At one of the main ceremonies, the 81-year-old Commander-in-Chief attempted to sit down at the wrong moment, then changed his mind.

His wife, First Lady Jill, put her hand in front of her mouth to whisper something urgent to her ailing husband, to no avail. The Leader of the Free World stood motionless — locked in a semi-squat — for several excruciating seconds.

It was just one of several seriously senior moments throughout the day. As French president Emmanuel Macron stood about glad-handing the hero veterans, Jill led her husband off-stage by the hand. And when Joe did have a chance to sit down, he appeared to doze off.
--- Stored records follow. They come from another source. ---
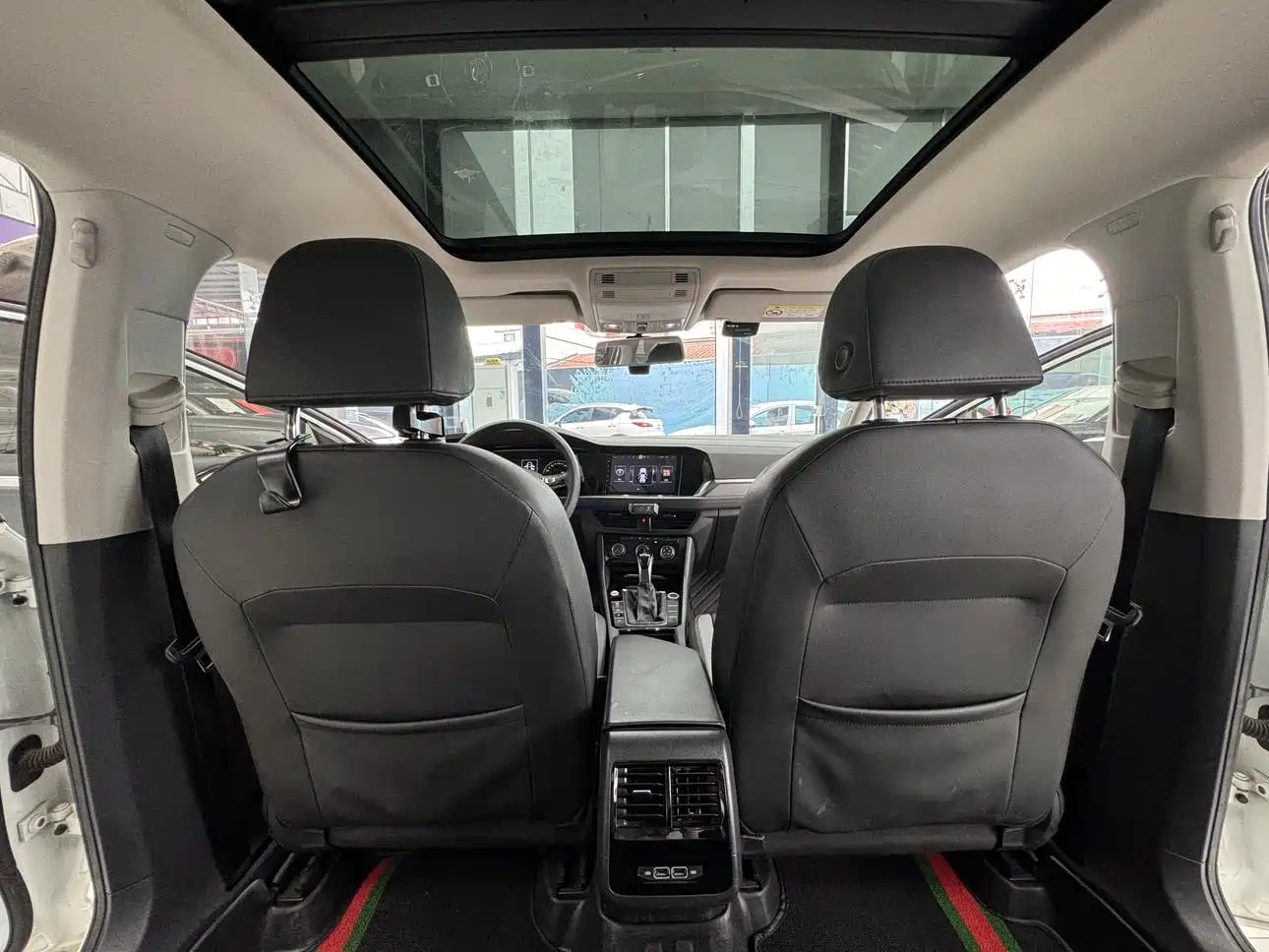 Volkswagen Sagitar 2019 280TSI DSG Comfort Edition China VI фото 11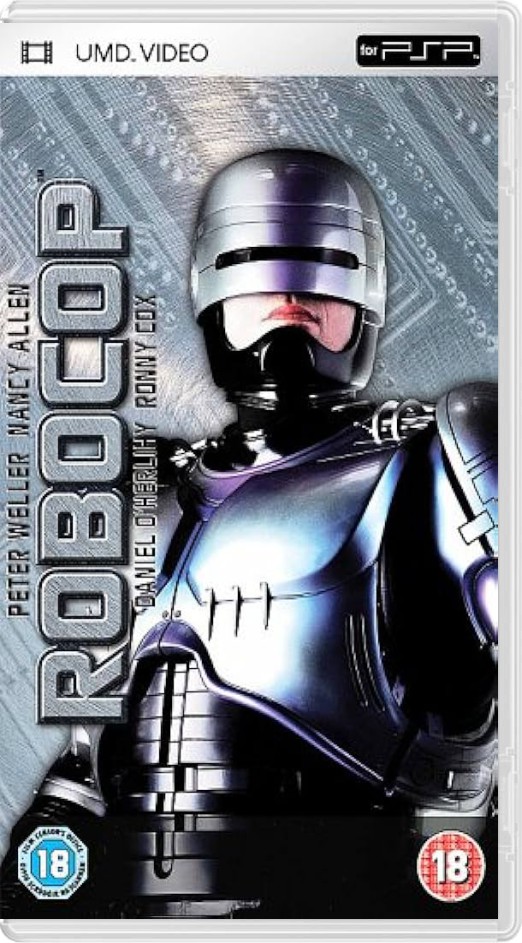 Robocop (UMD Video)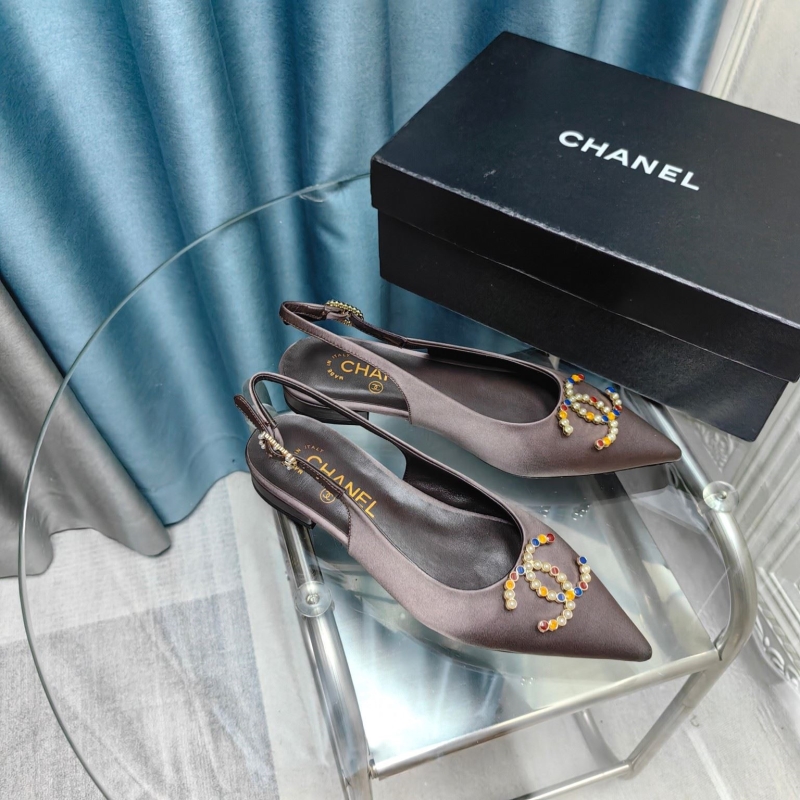 Chanel Sandals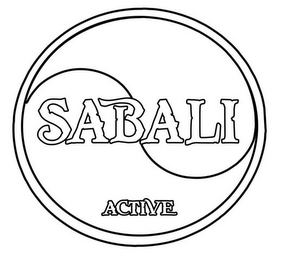 SABALI ACTIVE logo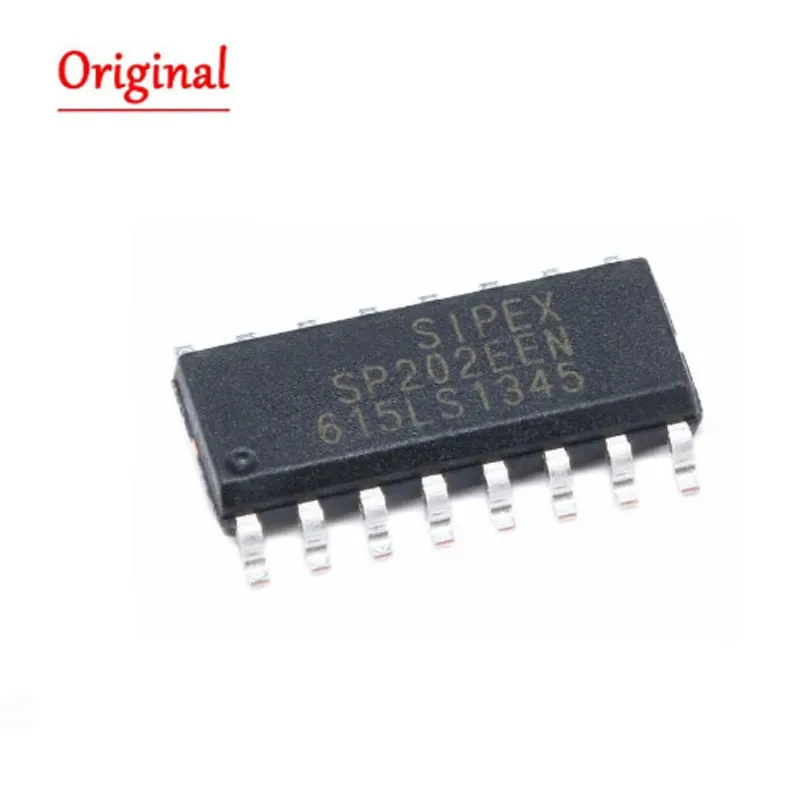 10pcs SP3232EEN SP3232 SOP-16 SP3232EE SOP SP232EEN SP232 SP202EEN SP202 SP3485EN SP3485 SP485EN SP485EEN SP485E SP3485E SOP-8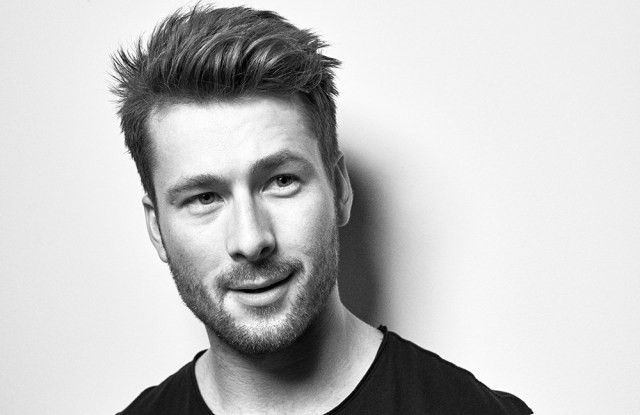 Glen Powell Fotoğrafları 8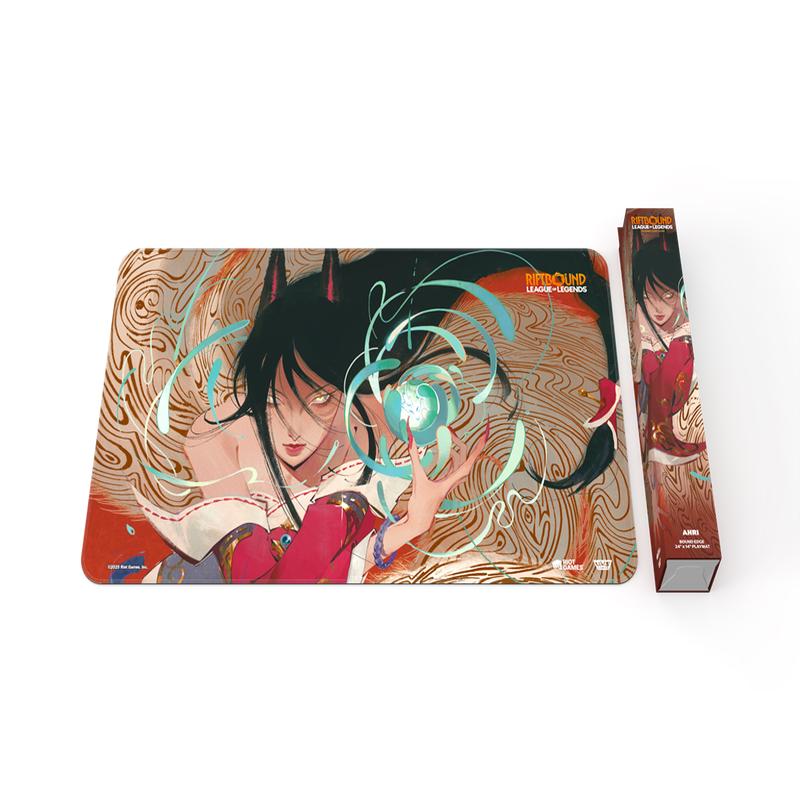 Riftbound: Origins  Ahri Playmat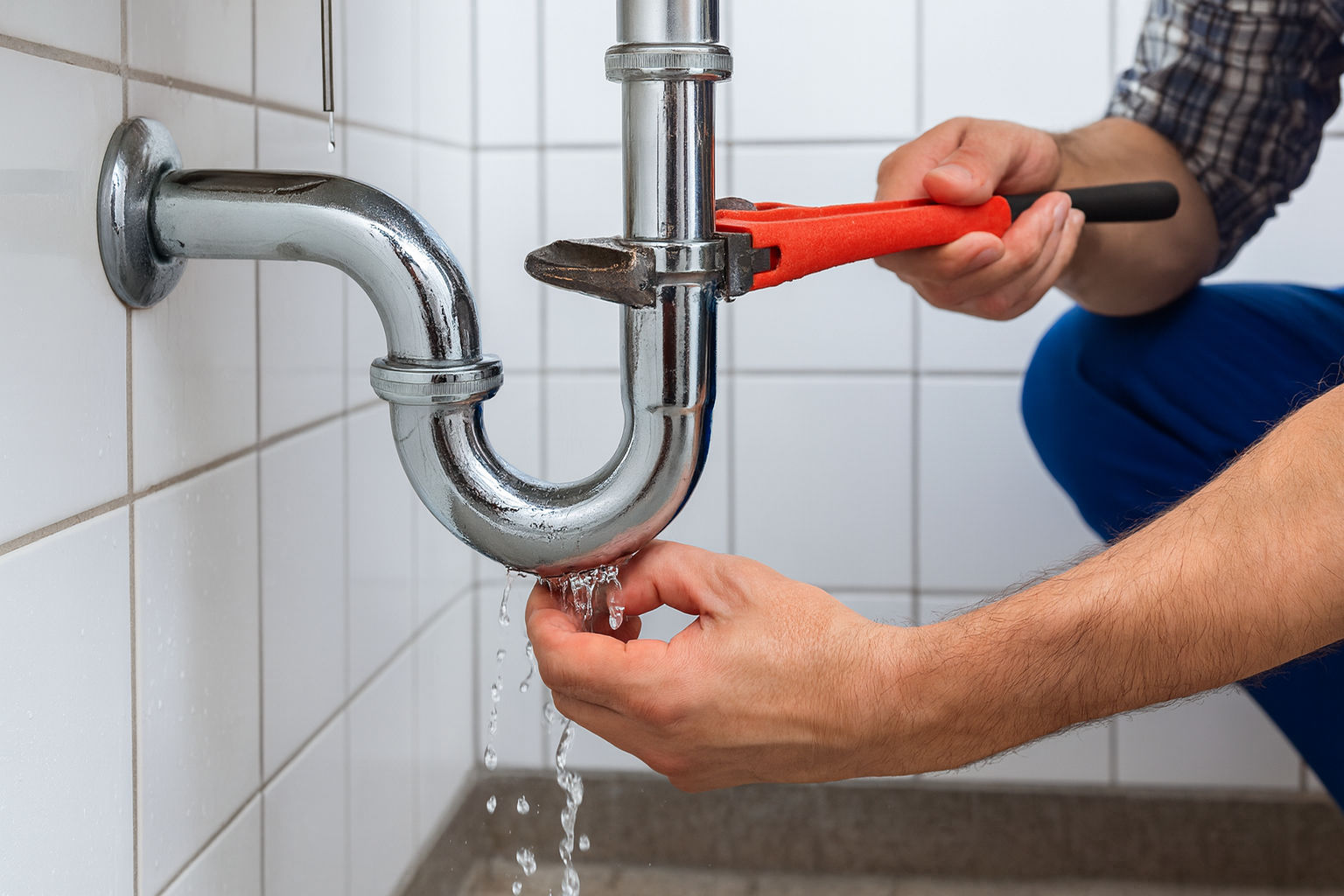 Professional Plumber in Millsboro
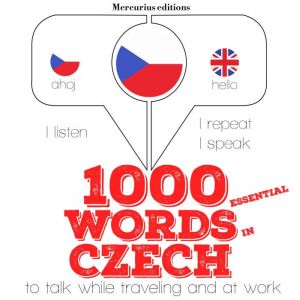 1000 essential words in Czech, J. M. Gardner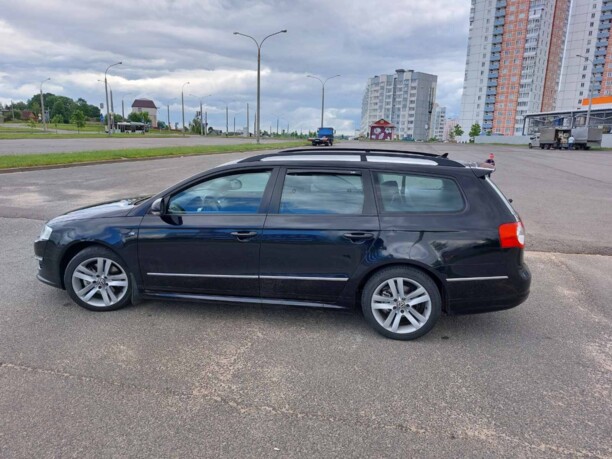 Volkswagen Passat B6, 2010 г.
Donald Trump's son, Donald Jnr, wasted no time in calling Biden 'an embarrassment' — and, while no decent person should mock the elderly, it's hard to disagree.

Joe Biden holds a meeting in the Oval Office of the White House on November 13, 2023

Joe Biden holds a meeting in the Oval Office of the White House on November 13, 2023 

On Monday, Biden followed up with yet another painful senile episode. Celebrating 'Juneteenth', the ultra-woke federal holiday he signed into law to celebrate the end of slavery, he appeared to freeze once again, his gaze a million miles away for several awful seconds as people danced around him.

It's all so awkward. The President has spent three years suffering these humiliations on the world stage — and he's only getting worse. His campaign team often accuse their enemies of manipulating the footage to make him seem more gaga than he is. But there is no denying that Joe gives them plenty of humiliating material with which to work.

Worse, as November 5, the day of the presidential election, draws closer, and his schedule inevitably becomes more gruelling, the President's decline appears to be fast accelerating at just the wrong time.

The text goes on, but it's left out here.